Anne-Katrin Holfelder observes the gap between the high-expectation society places on its educational institutions to educate people for creating a sustainable future and the empirical studies that show that people today feel generally incapable of shaping society or their own long-term future (Holfelder 2019). Holfelder criticizes the notion of education understood solely as training (measured on concrete outcomes) and argues for a notion of education as “subjectification” (Biesta 2016) which holds important possibilities for opening futures.

Two contributions in the area of science policy conceptualize future-making practices in terms of their underlying epistemologies.
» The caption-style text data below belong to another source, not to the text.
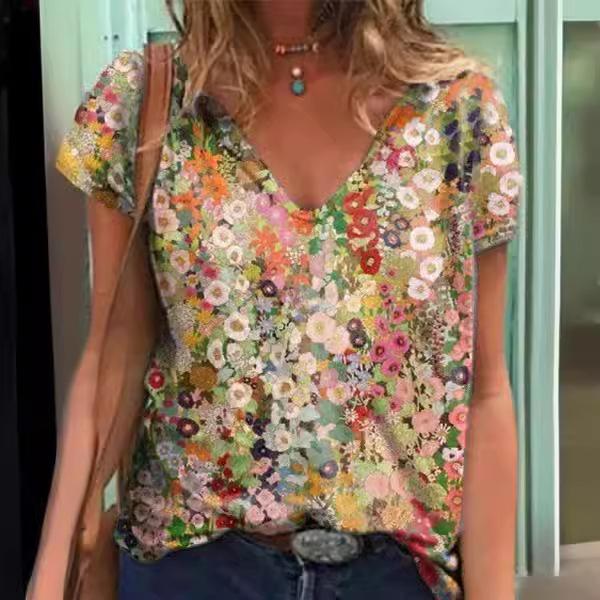 Summer Scenery Flowers Plants 3D Printed Short Sleeved T-shirt Women's Loose Short Sleeved Top V-neck T-shirt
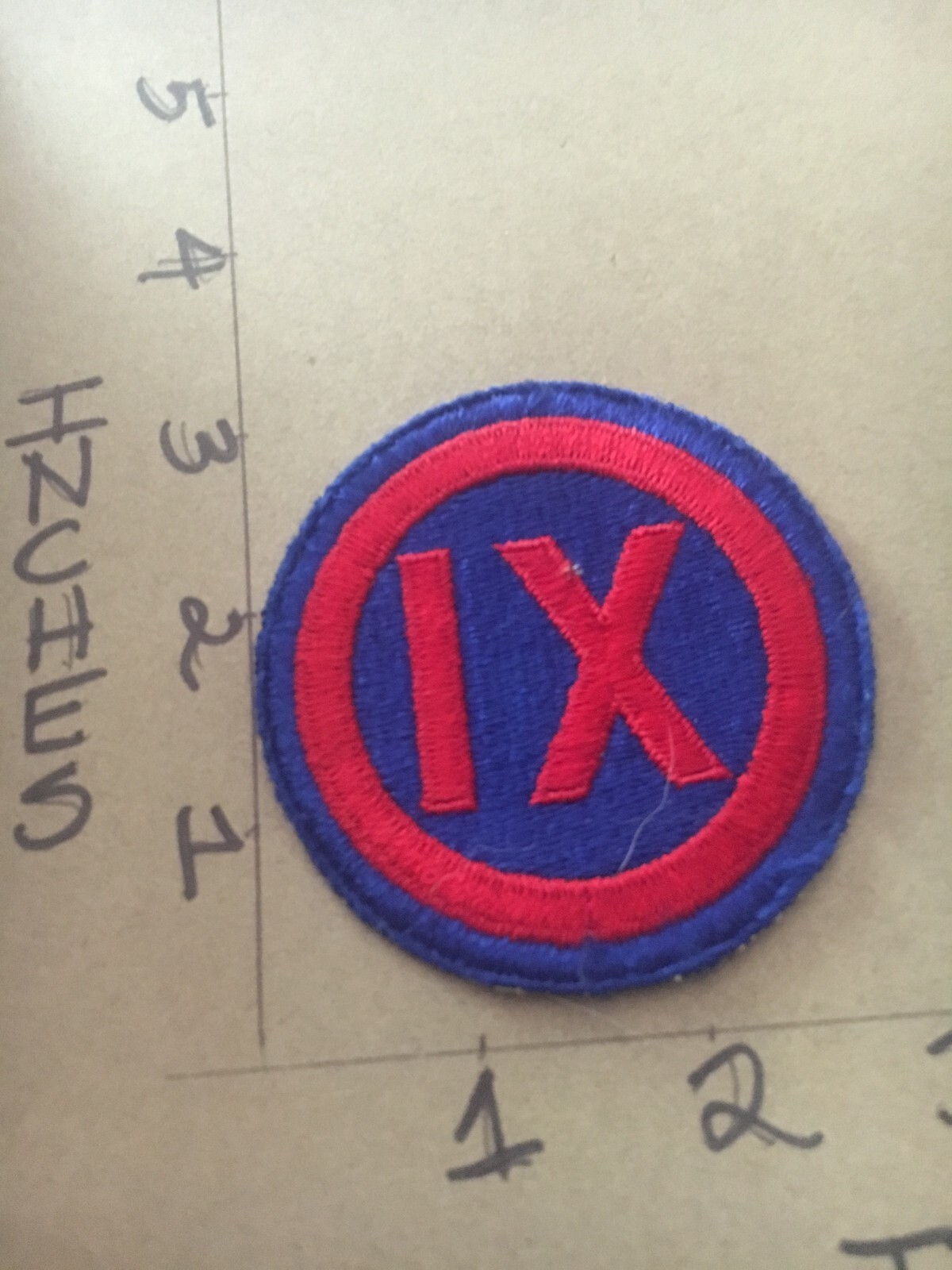 WW2 to Korea era US Army IX Corps c/e no glow Patch 5/14/25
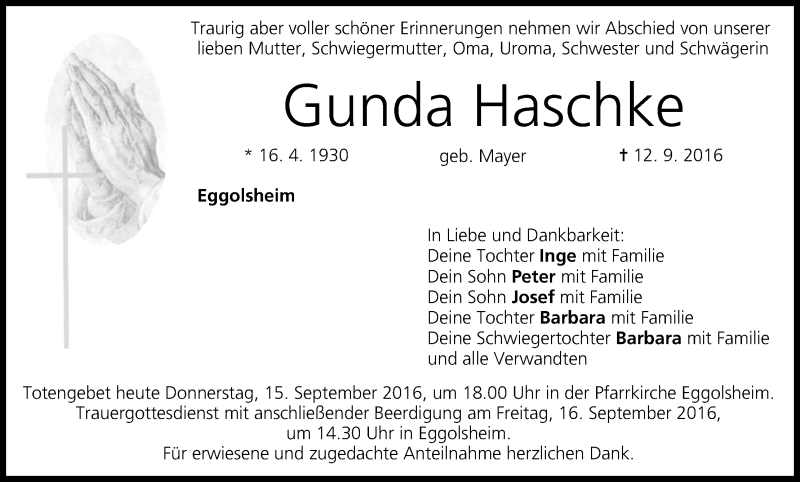  Traueranzeige für Gunda Haschke vom 15.09.2016 aus MGO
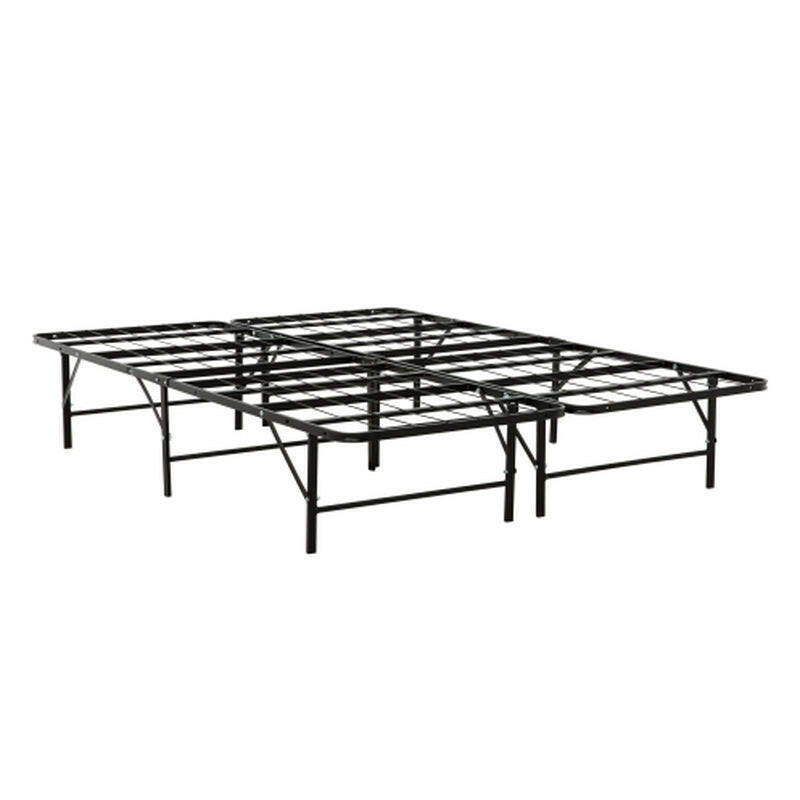 Queen Size Metal Mattress Foundation Bed Frame in Black, Bedroom Furniture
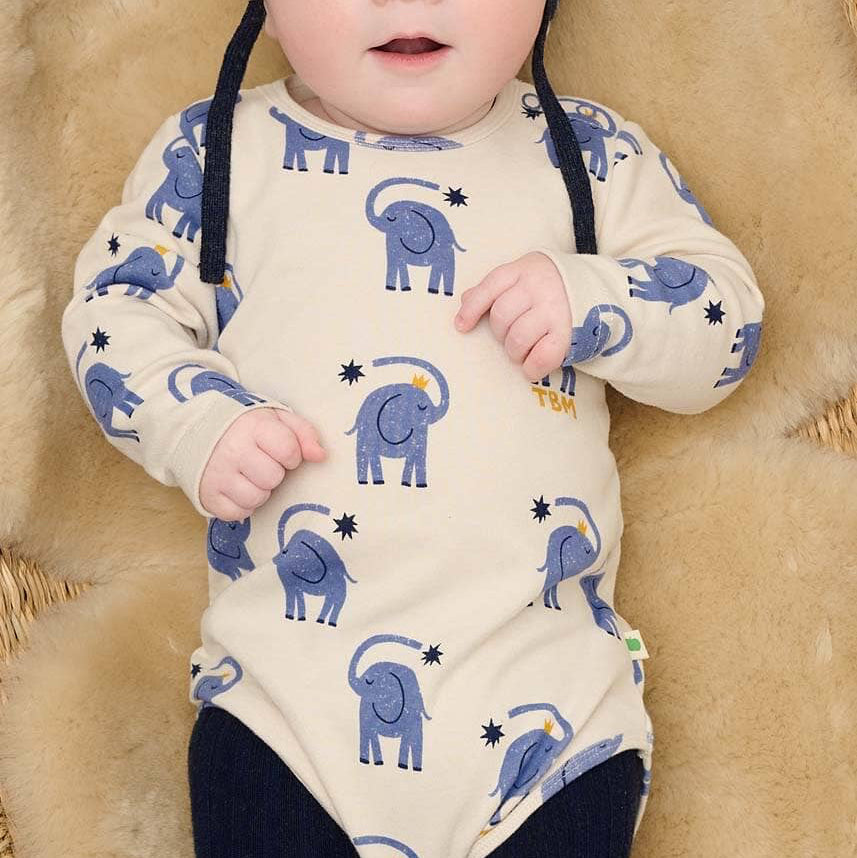 The Bonnie Mob - Elephant Print Long Sleeve Bodysuit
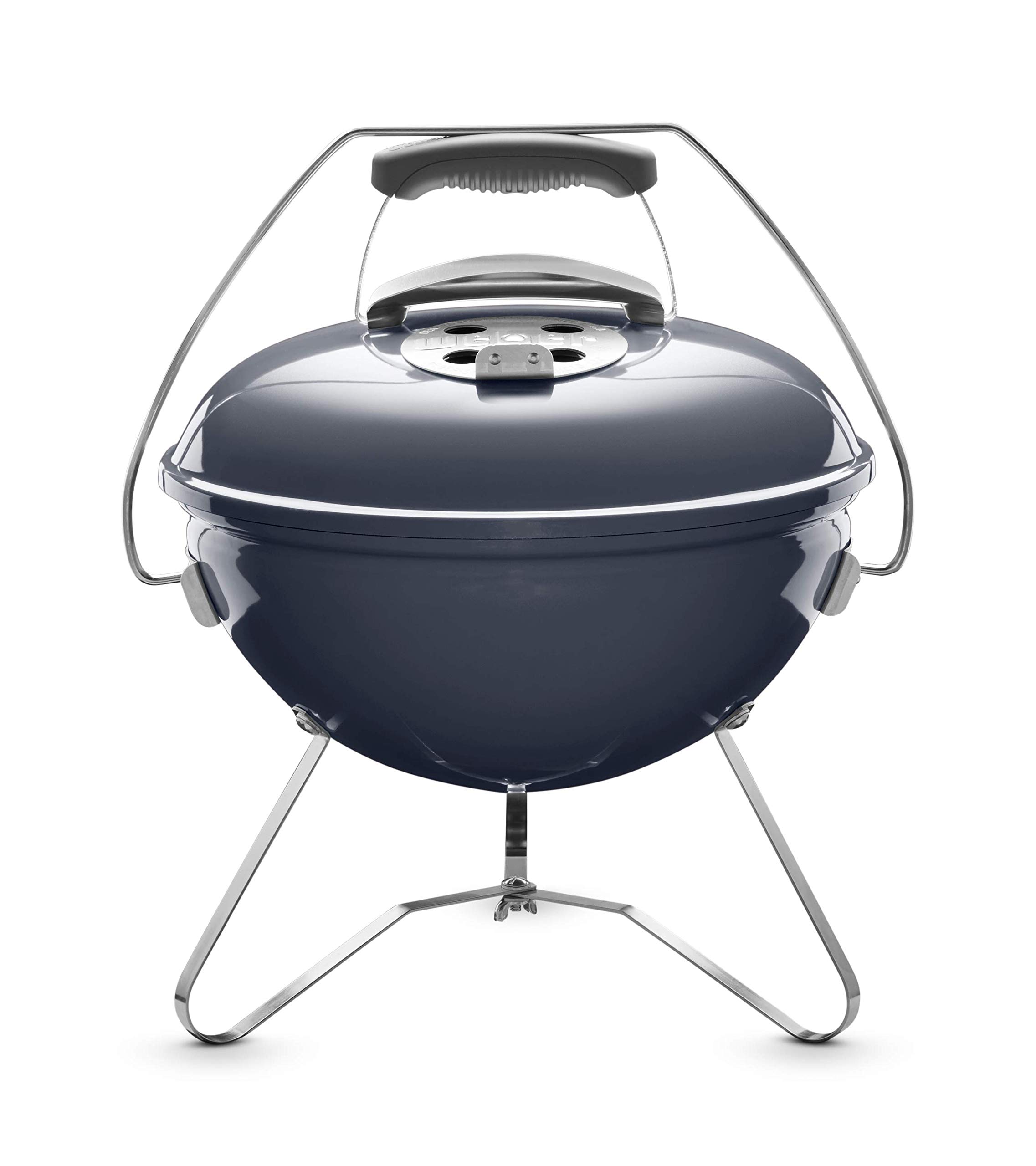 Weber Smokey Joe Premium Barbacoa de carbón, superficie de la parrilla de Ø 37 cm, barbacoa portátil con asa para transportar, barbacoa con tapa y cuba esmaltadas en porcelana - Slate Blue (1126804)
Sean Low and Stefan Schäfer describe different kinds of “future making” in climate engineering approaches (Low and Schäfer 2019). The authors present an analysis of different approaches in climate engineering, based on methodological objectives, epistemologies and user communities. Some of these methods are characterized as deductive, whereby the future is derived from (present) probabilities; others are described as deliberative, whereby a future is conceived, which includes space for projection.

Alejandro Esguerra argues that objects matter in the construction of futures (Esguerra 2019). Instruments, databases and power point presentations perform a political task, whenever they provide consensual knowledge about the future that enables policymakers to design rules in the present. Future objects are also involved in creating futures. For example, Foresight Conferences deal with strategic planning for the future with the aim to pursue novel visions of sustainable futures in the Anthropocene (Hajer and Pelzer 2018). In considering differences between various objects, Alejandro Esguerra elaborates on the sociomaterial politics of anticipation, especially with regard to science policy interaction.

Two contributions engage with questions of how futures for the present and presents for the future are inevitably interconnected in the area of energy policy using the concrete example of energy transition practices. Noel Longhurst and Jason Chilvers map different energy transition visions and show how these visions emerge from multiple contexts beyond mere technical ideas and top-down dictates (Longhurst and Chilvers 2019). The authors argue that such transition visions, even if they appear purely technical, are always normative in promoting specific political and social orders.

Martin David and Matthias Groß investigate processes of abandoning technologies (David and Gross 2019). They call these “exnovations”—the “flipside” or reverse of innovations and real-world experiments. Analysing different cases from the energy sector, David and Groß develop hypotheses of what might be a favourable circumstance for exnovation, for example, an event which is publicly perceived as catastrophic, like the Fukushima nuclear disaster. The authors point to a blind spot in the sustainability literature, which results from the overemphasis placed on innovation.

In the final section of our special feature, two contributions suggest categorizations of how future making is done in sustainability politics.

Basil Bornemann and Holger Strassheim distinguish different modes of governing time in sustainability politics and propose an analytical scheme of time governance (Bornemann and Strassheim 2019). They reconstruct how time becomes an important factor in sustainability practices: here the role of time can be distinguished, for example, with regard to planning instruments and transition implementation instruments; or time sequences can be looked at as determining factors for governance. These different temporal practices create diverse timescapes of sustainability.

Frank Adloff and Sighard Neckel analyse the sustainability discourse by looking at three possible trajectories of social change: ecological modernization, socio-ecological transformation, and control (Adloff and Neckel 2019). They relate these to imaginaries, practices, and structures, thereby creating a conceptual framework in which one can study new conflicts, inequalities and hierarchies in the sustainable development context.